“Don’t make prospective customers sweat the small stuff, keep it simple.”

This appears to be the Finance Ministry’s underlying message to public sector banks when it comes to the application forms that potential customers have to fill in for opening savings bank account or taking small ticket loans.

So, long application forms, typically running into a few pages, for opening savings bank account or taking small ticket loans (up to Rs 2 lakh) are likely to make way for a simplified and standardised one-page form.

In keeping with the Ministry’s financial inclusion roadmap, bankers are already putting their heads together to ensure that life becomes a tad easy for customers.

As envisaged by the Ministry, each family, including migrant labourers in urban areas, in the country should have at least one bank account, and farm and non-farm households should have easy access to small value loans.

One-page form

“Without compromising on the established customer due diligence procedure, the simplified and standardised account opening form will make the account opening process for small depositors very simple and user-friendly.

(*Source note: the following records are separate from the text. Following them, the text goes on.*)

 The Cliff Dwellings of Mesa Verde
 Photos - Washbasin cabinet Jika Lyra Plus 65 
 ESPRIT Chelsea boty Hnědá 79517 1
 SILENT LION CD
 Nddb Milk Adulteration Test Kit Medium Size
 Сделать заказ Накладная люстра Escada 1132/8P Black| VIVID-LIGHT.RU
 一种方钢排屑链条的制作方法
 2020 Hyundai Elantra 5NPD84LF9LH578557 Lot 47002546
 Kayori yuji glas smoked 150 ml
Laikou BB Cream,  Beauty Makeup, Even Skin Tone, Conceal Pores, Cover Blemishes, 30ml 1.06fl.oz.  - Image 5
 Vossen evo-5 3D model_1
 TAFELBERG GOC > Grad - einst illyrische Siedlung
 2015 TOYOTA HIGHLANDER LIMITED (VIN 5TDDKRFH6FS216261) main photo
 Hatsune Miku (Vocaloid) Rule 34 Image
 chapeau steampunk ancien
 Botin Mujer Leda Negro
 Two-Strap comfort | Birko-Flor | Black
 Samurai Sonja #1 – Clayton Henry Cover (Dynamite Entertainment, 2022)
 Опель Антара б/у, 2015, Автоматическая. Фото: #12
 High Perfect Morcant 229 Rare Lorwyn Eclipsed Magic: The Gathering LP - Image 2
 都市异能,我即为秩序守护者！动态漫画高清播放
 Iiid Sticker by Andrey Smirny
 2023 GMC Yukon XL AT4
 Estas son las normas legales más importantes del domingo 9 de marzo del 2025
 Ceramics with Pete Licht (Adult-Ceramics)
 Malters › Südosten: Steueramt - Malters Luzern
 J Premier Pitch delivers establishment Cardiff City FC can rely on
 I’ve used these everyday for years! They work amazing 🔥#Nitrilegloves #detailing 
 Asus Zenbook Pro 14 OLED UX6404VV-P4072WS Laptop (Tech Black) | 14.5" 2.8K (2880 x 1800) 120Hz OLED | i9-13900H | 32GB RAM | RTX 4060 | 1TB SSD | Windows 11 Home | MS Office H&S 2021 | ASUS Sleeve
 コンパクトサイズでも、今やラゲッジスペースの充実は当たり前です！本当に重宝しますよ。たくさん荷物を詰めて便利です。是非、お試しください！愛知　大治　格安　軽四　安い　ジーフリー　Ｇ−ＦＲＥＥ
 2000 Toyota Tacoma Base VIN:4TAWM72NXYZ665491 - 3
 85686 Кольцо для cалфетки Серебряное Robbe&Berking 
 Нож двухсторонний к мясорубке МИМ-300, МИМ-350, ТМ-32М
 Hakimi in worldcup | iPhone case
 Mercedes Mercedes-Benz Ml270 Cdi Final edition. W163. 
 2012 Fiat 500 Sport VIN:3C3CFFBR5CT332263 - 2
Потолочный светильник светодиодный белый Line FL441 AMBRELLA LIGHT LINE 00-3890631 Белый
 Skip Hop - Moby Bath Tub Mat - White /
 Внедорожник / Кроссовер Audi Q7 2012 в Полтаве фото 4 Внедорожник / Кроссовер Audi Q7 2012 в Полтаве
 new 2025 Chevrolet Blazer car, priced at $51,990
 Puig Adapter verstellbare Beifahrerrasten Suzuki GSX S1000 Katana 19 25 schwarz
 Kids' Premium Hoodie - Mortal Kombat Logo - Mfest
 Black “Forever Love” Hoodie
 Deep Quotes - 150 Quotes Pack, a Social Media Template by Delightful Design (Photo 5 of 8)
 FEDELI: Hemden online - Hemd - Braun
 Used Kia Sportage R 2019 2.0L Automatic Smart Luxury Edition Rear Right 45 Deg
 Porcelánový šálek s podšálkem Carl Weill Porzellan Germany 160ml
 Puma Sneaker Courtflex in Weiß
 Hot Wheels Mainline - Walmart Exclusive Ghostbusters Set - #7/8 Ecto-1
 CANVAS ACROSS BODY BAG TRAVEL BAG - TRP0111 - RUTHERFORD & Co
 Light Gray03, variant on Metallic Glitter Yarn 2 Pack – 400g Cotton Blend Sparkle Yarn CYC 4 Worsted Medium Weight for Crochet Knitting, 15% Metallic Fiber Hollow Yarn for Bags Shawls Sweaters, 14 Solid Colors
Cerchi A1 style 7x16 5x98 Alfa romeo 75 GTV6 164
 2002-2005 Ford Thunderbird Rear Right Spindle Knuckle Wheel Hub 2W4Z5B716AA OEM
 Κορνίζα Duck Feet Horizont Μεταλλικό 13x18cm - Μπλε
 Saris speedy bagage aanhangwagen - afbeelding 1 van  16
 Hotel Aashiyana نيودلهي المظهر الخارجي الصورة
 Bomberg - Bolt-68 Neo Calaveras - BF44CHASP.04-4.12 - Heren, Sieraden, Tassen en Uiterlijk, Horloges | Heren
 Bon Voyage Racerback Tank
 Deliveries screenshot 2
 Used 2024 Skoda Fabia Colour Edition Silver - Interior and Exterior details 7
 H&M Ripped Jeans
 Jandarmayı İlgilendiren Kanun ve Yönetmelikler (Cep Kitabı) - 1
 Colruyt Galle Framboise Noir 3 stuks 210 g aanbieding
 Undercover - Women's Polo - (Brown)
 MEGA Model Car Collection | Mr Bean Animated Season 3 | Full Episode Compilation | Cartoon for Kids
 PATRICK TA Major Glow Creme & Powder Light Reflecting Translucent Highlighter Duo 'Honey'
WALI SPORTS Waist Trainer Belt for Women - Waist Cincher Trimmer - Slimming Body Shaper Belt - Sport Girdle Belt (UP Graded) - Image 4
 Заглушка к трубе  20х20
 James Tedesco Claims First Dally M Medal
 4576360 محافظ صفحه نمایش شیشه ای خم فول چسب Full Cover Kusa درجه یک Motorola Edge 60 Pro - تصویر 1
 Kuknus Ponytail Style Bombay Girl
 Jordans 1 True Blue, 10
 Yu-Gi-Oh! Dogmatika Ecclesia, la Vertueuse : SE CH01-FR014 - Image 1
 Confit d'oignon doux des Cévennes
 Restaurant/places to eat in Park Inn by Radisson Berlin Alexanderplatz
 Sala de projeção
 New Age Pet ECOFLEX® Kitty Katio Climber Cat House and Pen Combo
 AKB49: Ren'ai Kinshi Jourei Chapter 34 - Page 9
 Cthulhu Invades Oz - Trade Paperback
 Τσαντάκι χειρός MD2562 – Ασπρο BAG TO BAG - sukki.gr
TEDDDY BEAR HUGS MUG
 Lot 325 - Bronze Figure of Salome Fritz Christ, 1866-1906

“Application forms for small-ticket loans, especially for microenterprises, too will become simple and have just one page,” said a senior public sector bank official. The idea behind the simplification and standardisation of application forms is to save the customer the bother of making the rounds of a bank branch to open savings accounts or to take a small ticket loan.

They should be able to get their work done in one or two visits to the branch, he added.

A Ministry constituted working group on ‘know-your-customer’ guidelines has suggested that the Reserve Bank of India’s indicative list of documents required to be submitted as part of the mandatory due diligence procedure by customers for opening accounts should be expanded. This is to make the account opening procedure easier.

Among others, the group recommended that documents such as photo ID cards issued by post offices; photo ID cards issued to students by recognised universities/ institutes; and registered property document with photo ID could be used as proof of identification.

Further, in the case of a married woman, her identity proof with maiden name, if supported with a verified true copy of marriage certificate, could be considered a valid ID proof.

The group feels that address proof should also include income/ wealth tax assessment order; voter ID card (with the current address); and copies of registered leave & licence agreement/ sale deed/ lease agreement.